REQUIRED WORK:
Reproduce the listing below exactly. Pictures do not belong in the copy.
Segment Start: MATERIAL PROVIDED
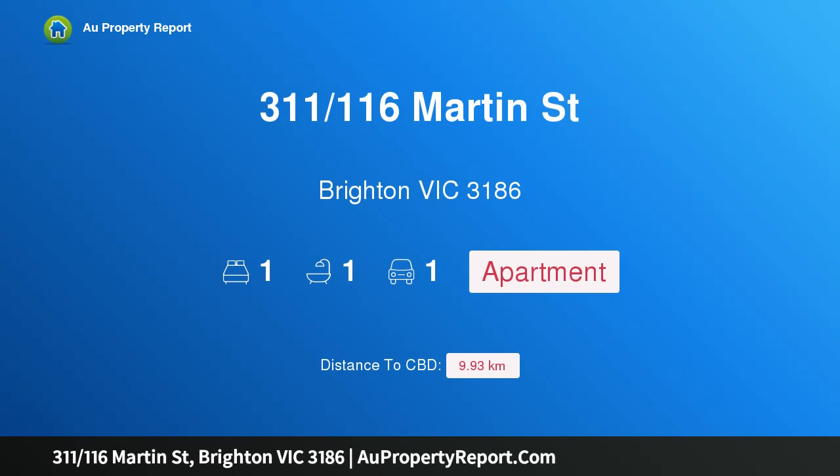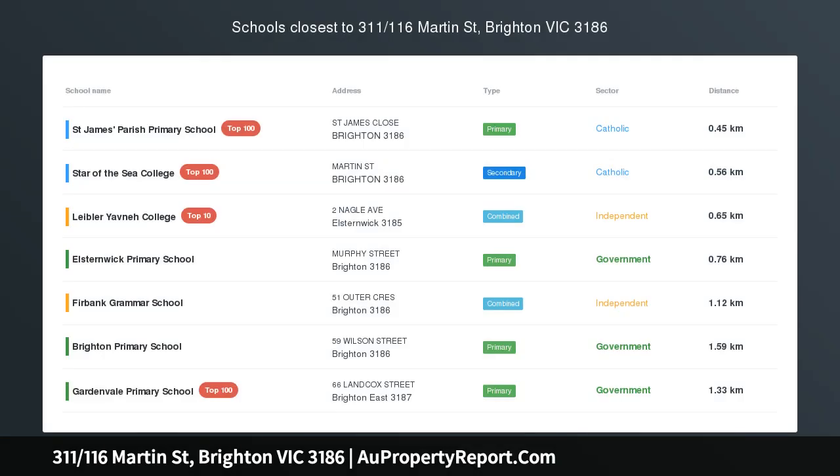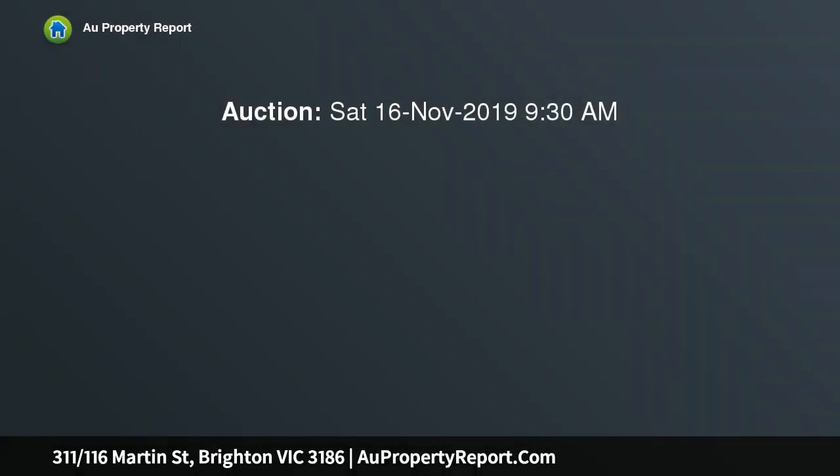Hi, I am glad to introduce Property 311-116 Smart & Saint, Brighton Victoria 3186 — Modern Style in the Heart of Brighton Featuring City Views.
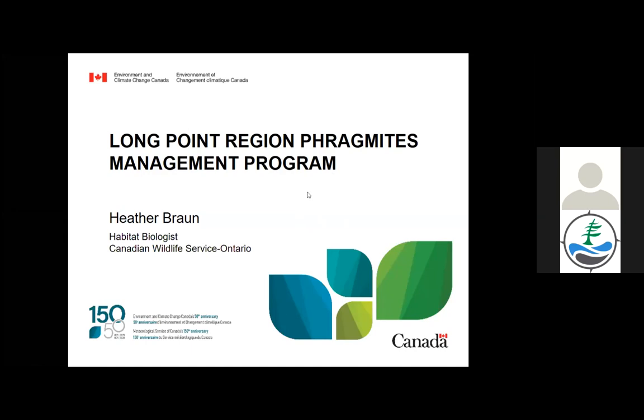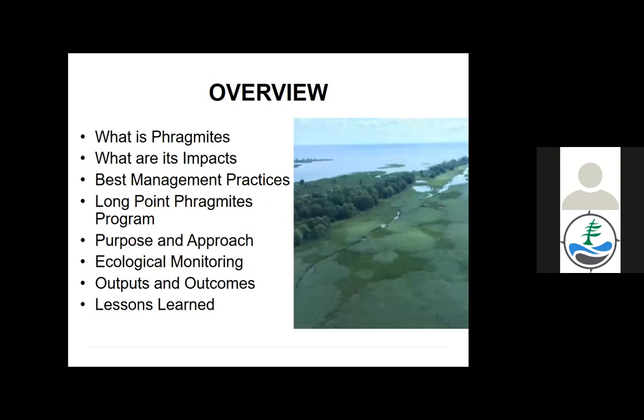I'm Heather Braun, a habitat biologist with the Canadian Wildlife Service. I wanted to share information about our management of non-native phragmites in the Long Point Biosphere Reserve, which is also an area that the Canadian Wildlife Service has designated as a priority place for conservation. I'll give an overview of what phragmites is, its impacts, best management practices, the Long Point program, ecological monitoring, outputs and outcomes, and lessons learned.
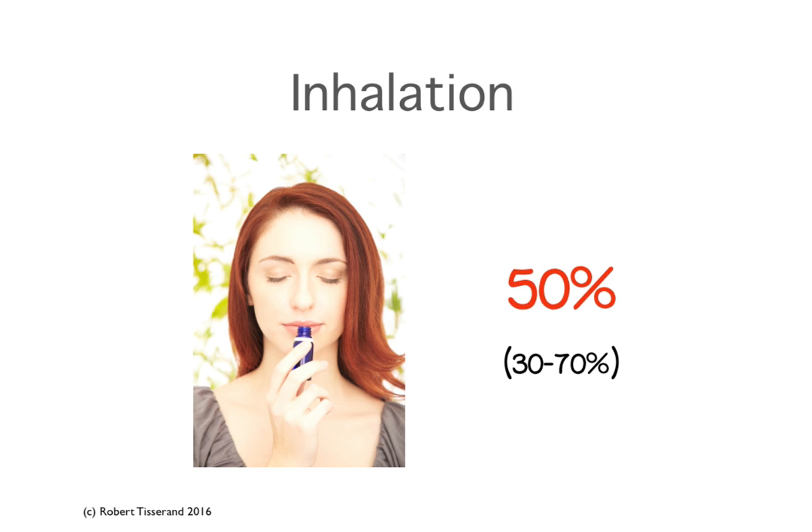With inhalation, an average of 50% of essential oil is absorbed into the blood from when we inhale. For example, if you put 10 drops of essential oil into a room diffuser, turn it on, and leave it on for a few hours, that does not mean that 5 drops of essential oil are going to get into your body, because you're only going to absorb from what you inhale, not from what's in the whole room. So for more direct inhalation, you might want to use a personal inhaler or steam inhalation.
Segment End: MATERIAL PROVIDED
TASK OUTPUT:
Hi, I am glad to introduce Property 311-116 Smart & Saint, Brighton Victoria 3186 — Modern Style in the Heart of Brighton Featuring City Views.
I'm Heather Braun, a habitat biologist with the Canadian Wildlife Service. I wanted to share information about our management of non-native phragmites in the Long Point Biosphere Reserve, which is also an area that the Canadian Wildlife Service has designated as a priority place for conservation. I'll give an overview of what phragmites is, its impacts, best management practices, the Long Point program, ecological monitoring, outputs and outcomes, and lessons learned.
With inhalation, an average of 50% of essential oil is absorbed into the blood from when we inhale. For example, if you put 10 drops of essential oil into a room diffuser, turn it on, and leave it on for a few hours, that does not mean that 5 drops of essential oil are going to get into your body, because you're only going to absorb from what you inhale, not from what's in the whole room. So for more direct inhalation, you might want to use a personal inhaler or steam inhalation.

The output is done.